Oregon announces it will work with Washington and California on when and how to reopen economies

Brooke Herbert/OregonLive Oregon Gov. Kate Brown on Monday joined the governors of Washington and California to work on a plan to reopen the West Coast economy.

By DICK HUGHES/Oregon Capital Bureau

Oregon Gov. Kate Brown announced Monday that she will work with the governors of Washington and California on when to reopen their states’ economies.

“We are announcing that California, Oregon and Washington have agreed to work together on a shared approach for reopening our economies – one that identifies clear indicators for communities to restart public life and business,” the three governors said in a statement issued Monday afternoon.

The eventual lifting of social distancing and other interventions will require systems for testing, tracking and isolating individuals with COVID-19, according to Brown, Gavin Newsom of California and Jay Inslee of Washington.

They did not give a timeline. Brown is scheduled to hold a press conference Tuesday.

Earlier Monday, President Donald Trump had tweeted that it was his decision, not governors’, as to when to reopen state economies. In response, Inslee said no president has the legal authority to countermand a state’s health-based order to stay home.

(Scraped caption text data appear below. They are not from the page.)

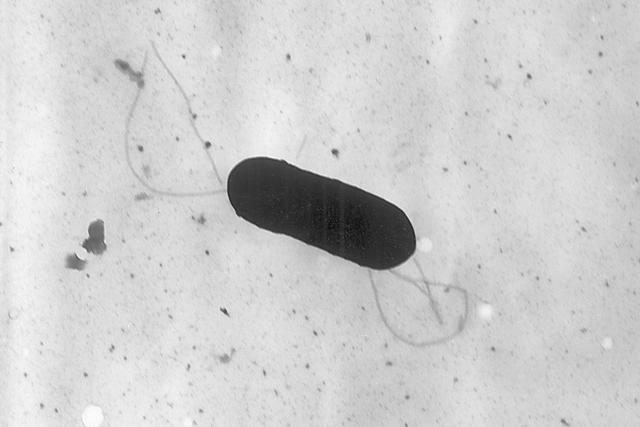 FILE - This 2002 electron microscope image made available by the Centers for Disease Control and Prevention shows a Listeria monocytogenes bacterium. Health officials have announced a recall of liverwurst and deli meat products, Friday, July 26, 2024, in connection with a national listeria outbreak that has sickened nearly three dozen people in 13 states. 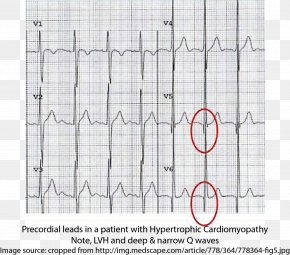 Restrictive Cardiomyopathy Dilated Cardiomyopathy Hypertrophic ...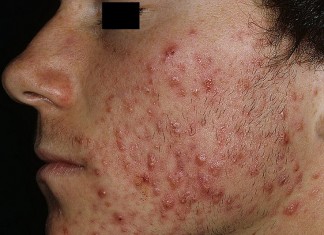 Акне — это не приговор!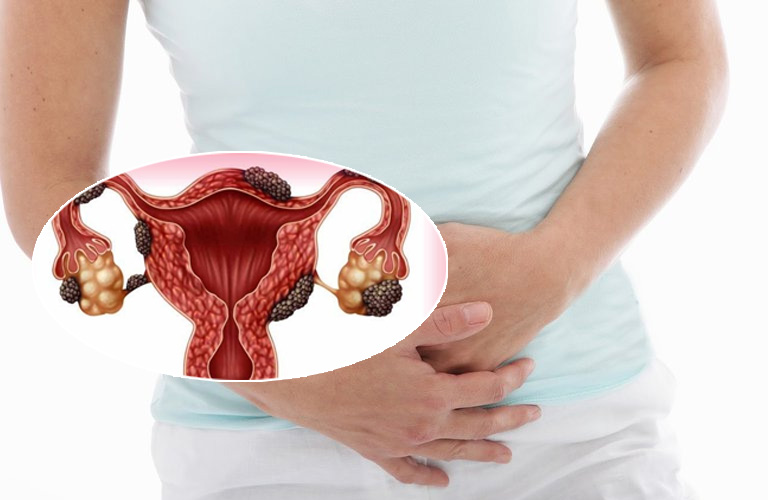 Lạc nội mạc trong cơ tử cung có thể khỏi mà không cần phẫu thuật?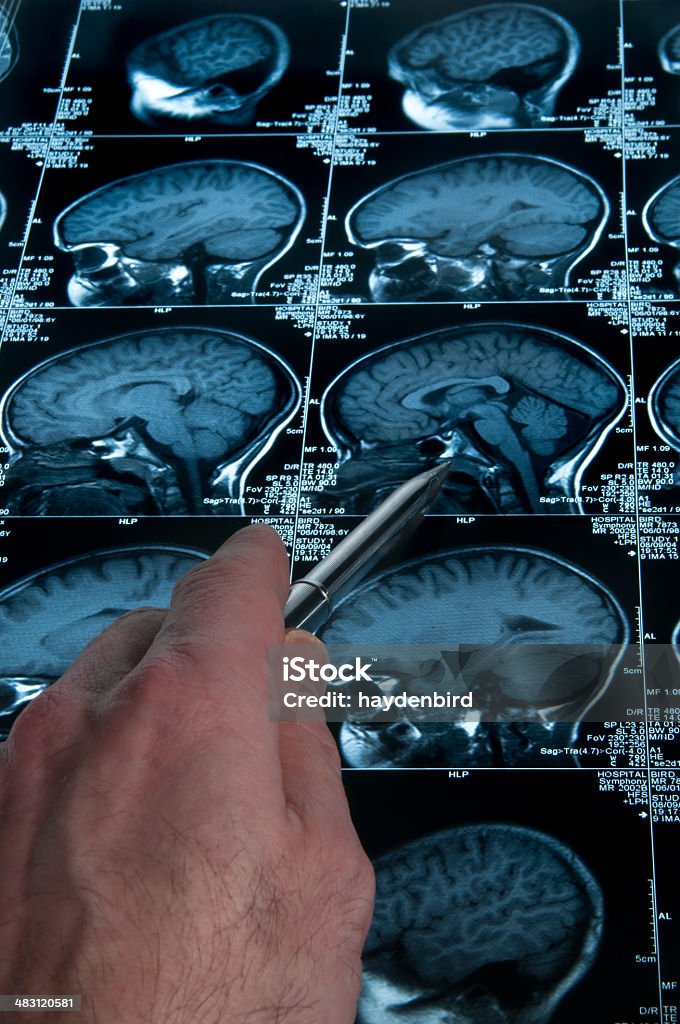 Scanner à résonance magnétique de cerveau tête crâne et os avec Main pointant du doigt - Photo de Épilepsie libre de droits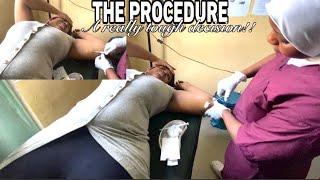 Getting IMPLANON (Contraceptive) barely 2months After Birth!..The Advantages and side effect | Vlog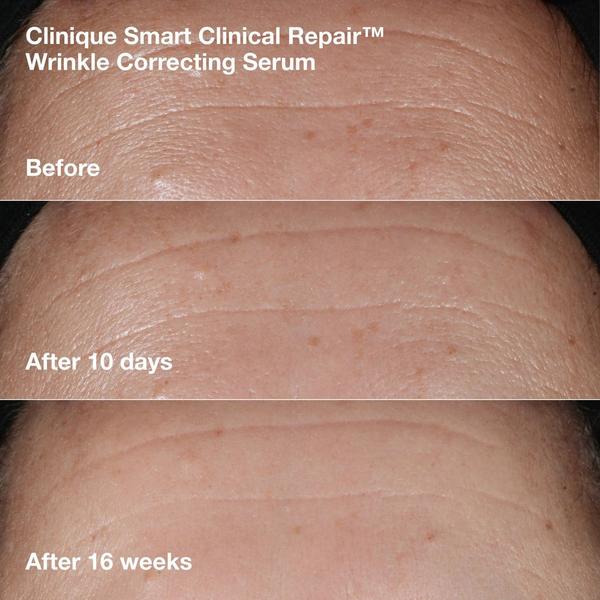Clinique 3 Piece Smart De-Aging Serum and Eye Cream Holiday Duo #5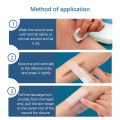 【HOT】 Wound Skin Closure Strips Postpartum Wound Repair Cosmetic Surgery Steri Strip Adhesive Medical Suture Free Surgical Tape. 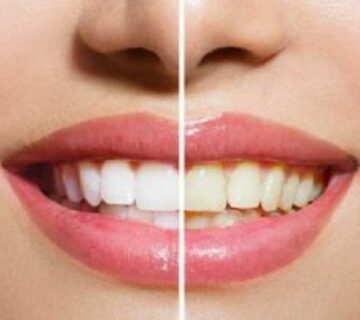 افضل عيادة تنظيف اسنان في جدة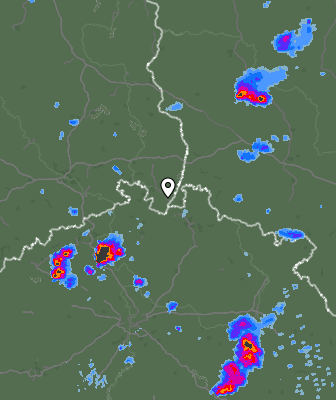 Radar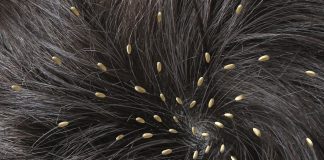 Home remedies for hair lice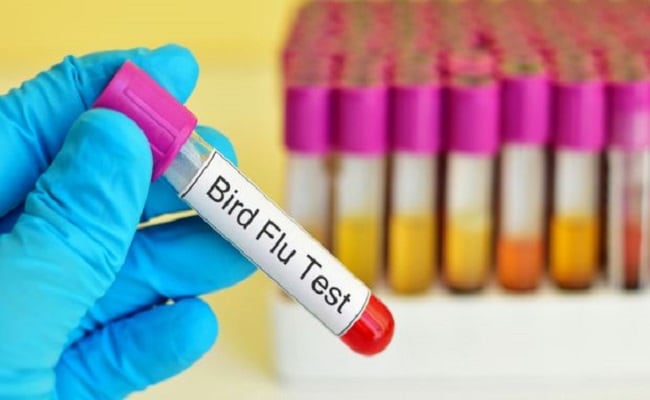 What is H5N1 Virus? How It Spreads to Humans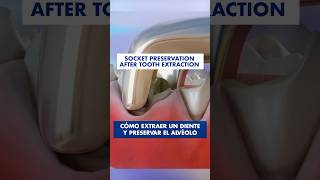 PRESERVACIÓN ALVEOLAR  Cómo evitar la reabsorción después de una EXTRACCIÓN DENTAL [upl. by Jr]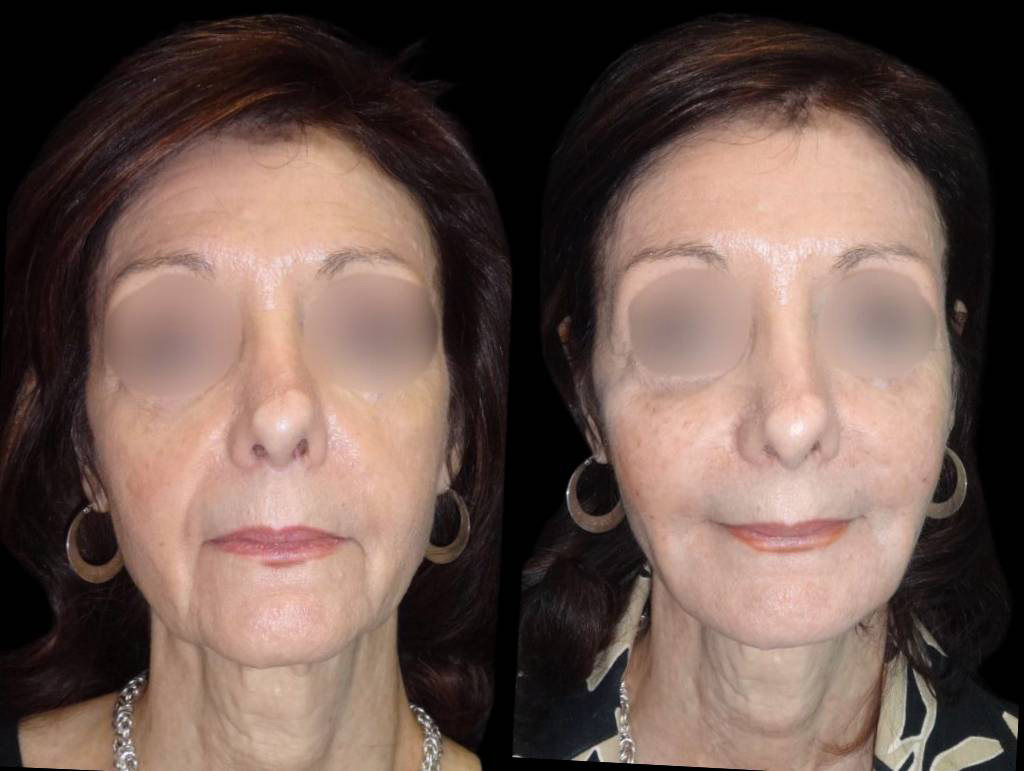 71-year-old-female-non-surgical-cheek-augmentation-before-and-after.jpg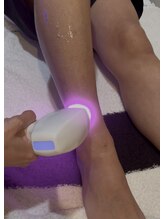 ストック(STOCK)/◇施術イメージ◇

In their statement, the West Coast governors said: “COVID-19 has preyed upon our interconnectedness. In the coming weeks, the West Coast will flip the script on COVID-19 – with our states acting in close coordination and collaboration to ensure the virus can never spread wildly in our communities.”

Inslee described the compact as a general state of principles. States will share strategies but their timelines may differ.

Charles Boyle, a spokesman for Brown, said the governor’s medical advisory panel will be involved in reviewing the public health components of decisions on lifting of various social distancing orders.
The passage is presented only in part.